**Assigned task**
The listing is to be printed word for word, pictures omitted.

**Available data**
========================================
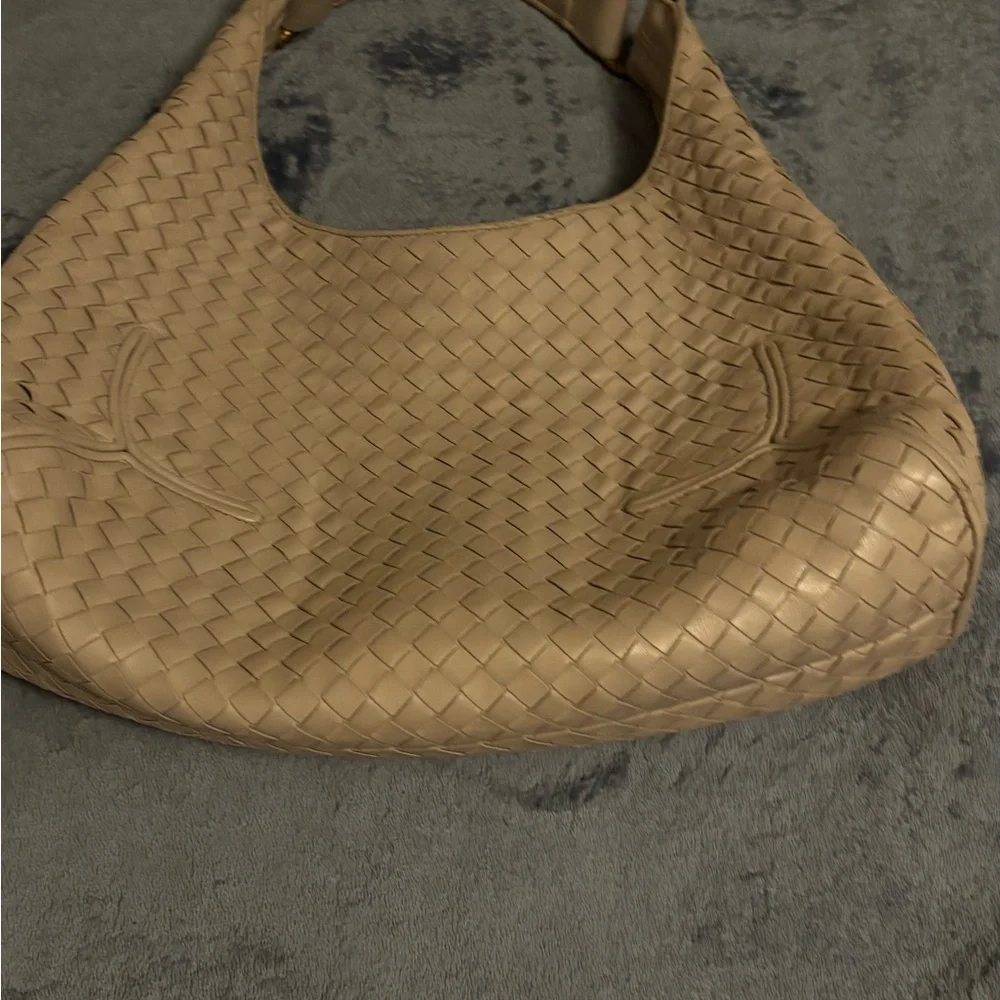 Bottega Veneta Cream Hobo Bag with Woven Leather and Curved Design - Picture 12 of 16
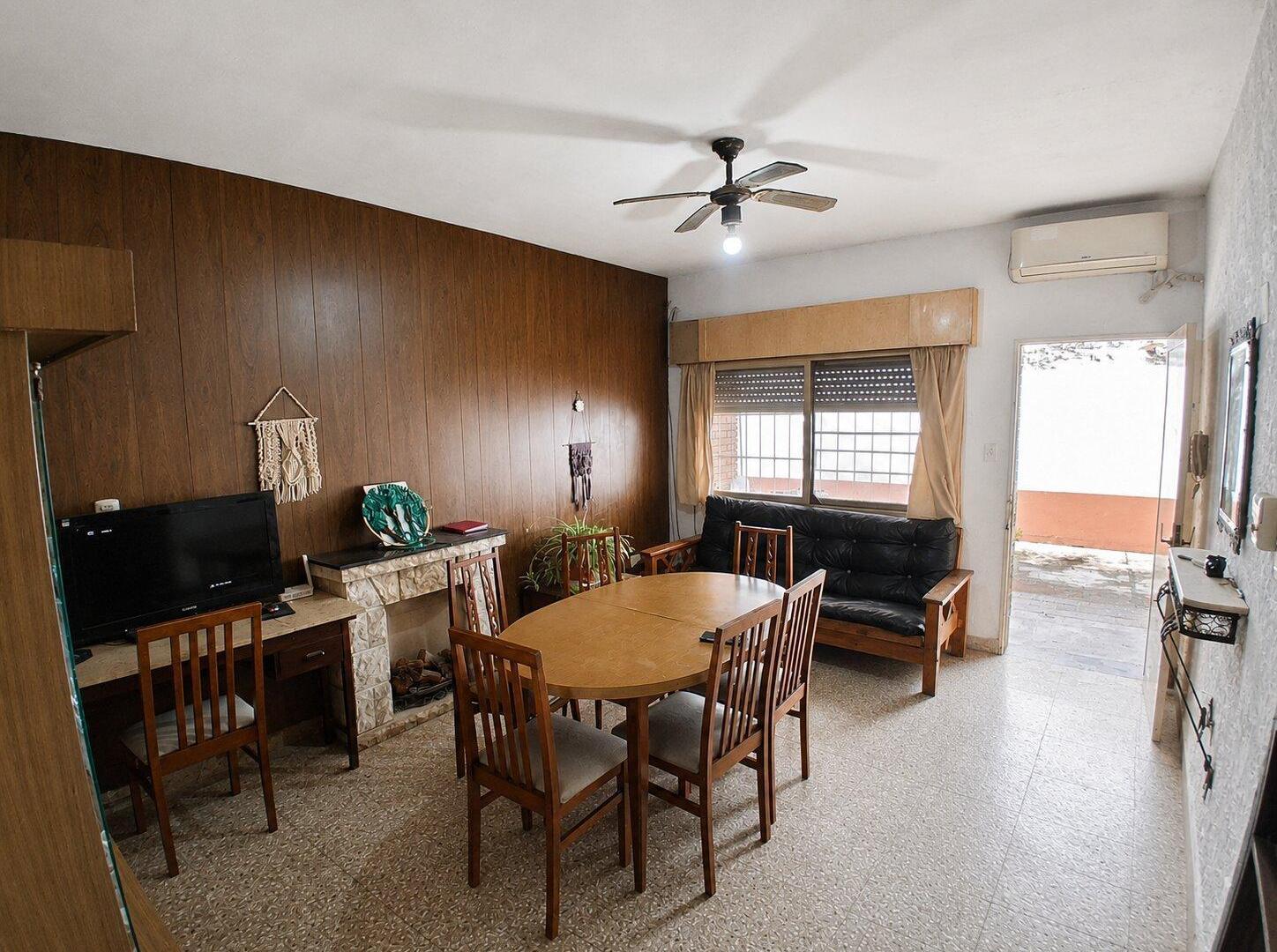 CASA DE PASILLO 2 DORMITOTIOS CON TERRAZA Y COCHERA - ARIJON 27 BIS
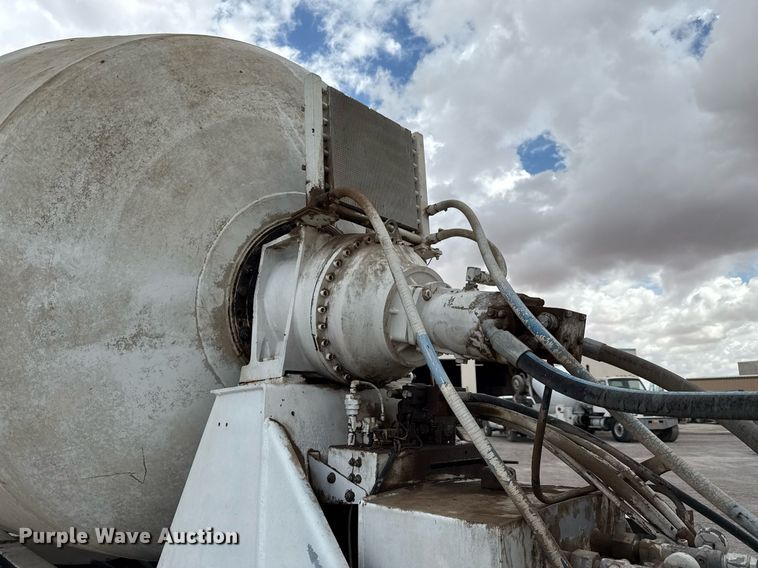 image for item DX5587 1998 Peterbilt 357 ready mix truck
========================================
**Task result**
 Bottega Veneta Cream Hobo Bag with Woven Leather and Curved Design - Picture 12 of 16
 CASA DE PASILLO 2 DORMITOTIOS CON TERRAZA Y COCHERA - ARIJON 27 BIS
 image for item DX5587 1998 Peterbilt 357 ready mix truck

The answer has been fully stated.